“Sure I wave the American flag. Do you know a better flag to wave? Sure I love my country with all her faults. I’m not ashamed of that, never have been, never will be.” – John Wayne
Mount Vernon, President George Washington’s estate
While on errands today, I overheard shopkeepers wishing customers happy holidays. One young woman who handled my purchase wished me Happy Thanksgiving. I was surprised and asked her why Happy Thanksgiving instead of happy holidays. Her answer disappointed me but it was not unexpected – we live in Washington, D.C. where the state-sanctioned religion is atheism.
Everyone displays their tolerance towards other faiths with COEXIST bumper stickers, but when it comes to Christianity, they make strong exceptions. She told me in a very confident voice that Thanksgiving is not a religious holiday and thus she would not be offending anyone with her wishes. It is just another holiday that everyone celebrates. I did not have the patience to tell her how wrong and ignorant she was.
According to Stanley Yavneh Klos, the Continental Congress and the Articles of Confederation Presidents issued National Thanksgiving Day Proclamations in 1776, 1777, 1779, 1780, 1781, and 1782. The first presidential proclamation was issued by John Hancock as President of the United Colonies Continental Congress on March 16, 1776. (Historic.us)
President George Washington, the first president of the United States under the Constitution of 1787 released his proclamation on October 3, 1789 in New York City.

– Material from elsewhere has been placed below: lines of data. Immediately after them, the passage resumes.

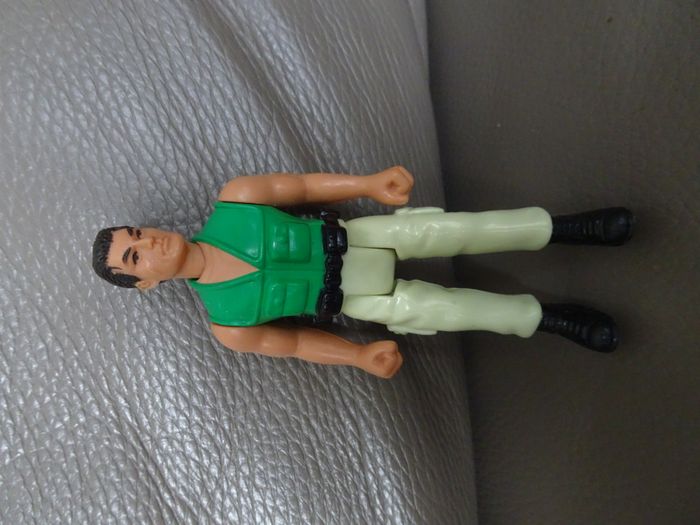 Figurine action man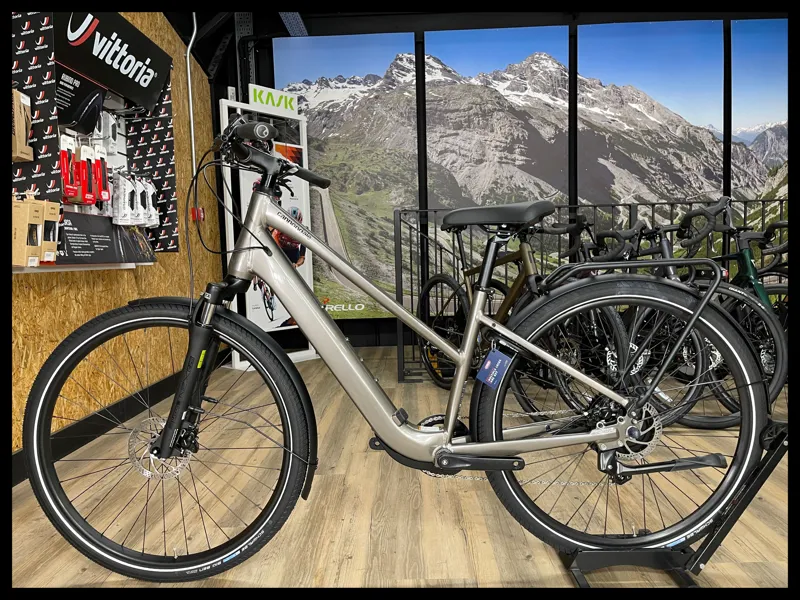 Cannondale Mavaro Neo SL 1 Graphite 2024  Unisex Ex-Demo-1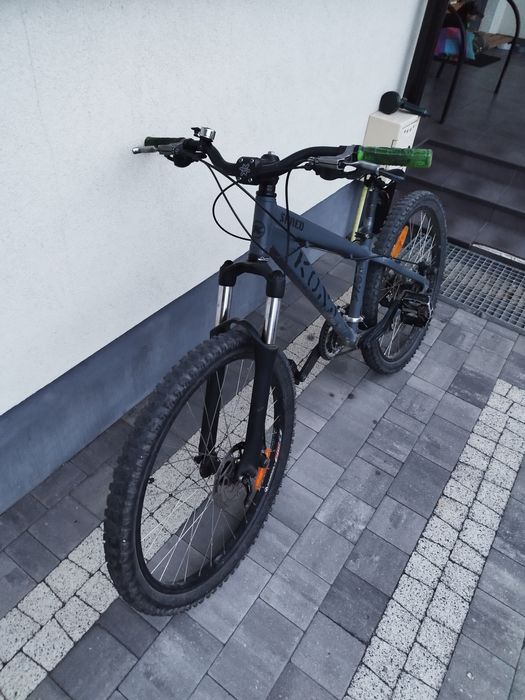 Rower Kona Shred 26″ – dirt / street / pumptrack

Both Houses of Congress requested the President to “recommend to the People of the United States a day of public thanks-giving and prayer, formally declared November 26 to be devoted by the People of these States to the service of that great and glorious Being, who is the beneficent Author of all the good that was, that is, or that will be.”

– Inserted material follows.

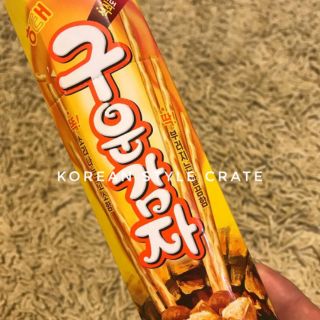 [FREESHIP 99K TOÀN QUỐC Khoai lang que nướng Hàn Quốc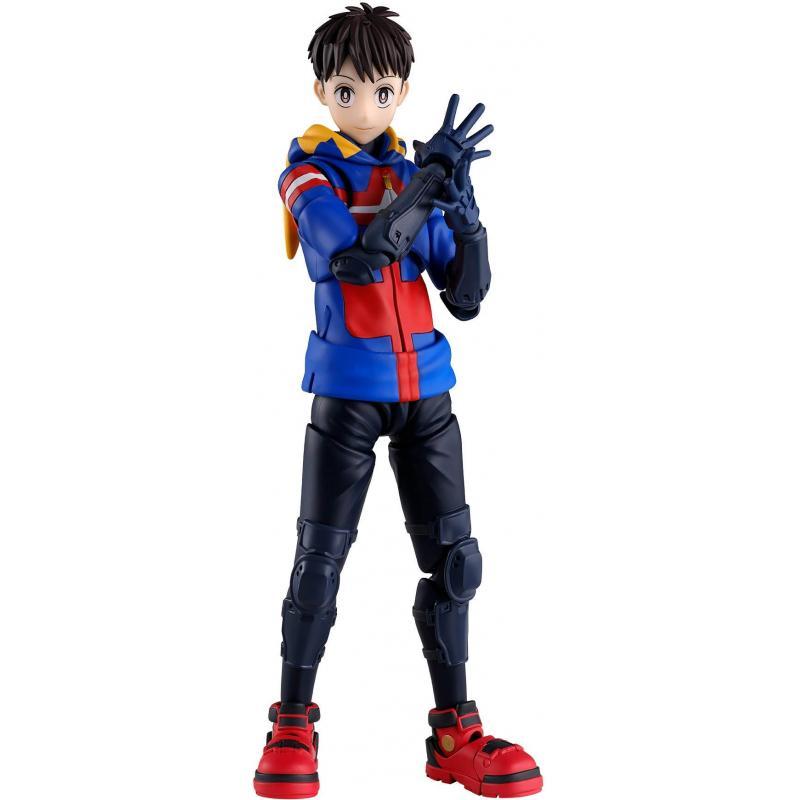 S.H.Figuarts Koichi Haimawari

Praising the “civil and religious liberty with which we are blessed,” President George Washington assigned Thursday, the 26th day of November, as a day in which “we may then unite in most humbly offering our prayers and supplications to the great Lord and Ruler of Nations, and beseech Him to pardon our national and other transgressions.”
President George Washington wished that through our prayers God would “enable us all,… to render our National Government a blessing to all the people by constantly being a Government of wise, just, and constitutional laws, discreetly and faithfully executed and obeyed; to protect and guide all sovereigns and nations (especially such as have shown kindness to us), and bless them with good governments, peace, and concord; to promote the knowledge and practice of true religion and virtue…” (www.heritage.org/initiatives/first…/washingtons-thanksgiving-proclamation)

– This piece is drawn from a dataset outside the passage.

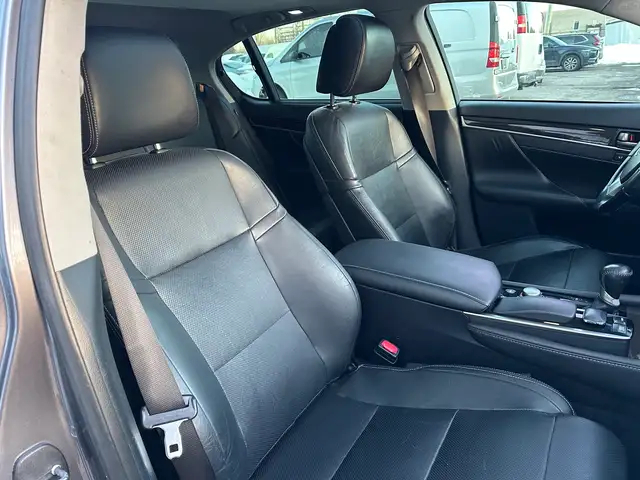 2013 Lexus GS 350 AWD | NO ACCIDENTS | HEATED SEATS | LEATHER | - Photo 29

Abraham Lincoln, our 16th President (1861-1865) issued Proclamation 106 – Thanksgiving Day, 1863 on October 3, 1863. It begins:
“The year that is drawing toward its close has been filled with the blessings of fruitful fields and healthful skies. To these bounties, which are so constantly enjoyed that we are prone to forget the source from which they come, others have been added which are of so extraordinary a nature that they can not fail to penetrate and soften even the heart which is habitually insensible to the every-watching providence of the Almighty God.”
President Lincoln described the wealth, the strength, the bounty, the population increase in spite of the civil war losses, the plows that have enlarged the borders and the settlements, have grown the crops, the “large increase in freedom,” the mines of coal, iron, and precious metals that have enlarged their abundant production. “The laws have been respected and obeyed; harmony has prevailed everywhere, except in the theater of military conflict, while that theater has been greatly contracted by the advancing armies and navies of the Union.”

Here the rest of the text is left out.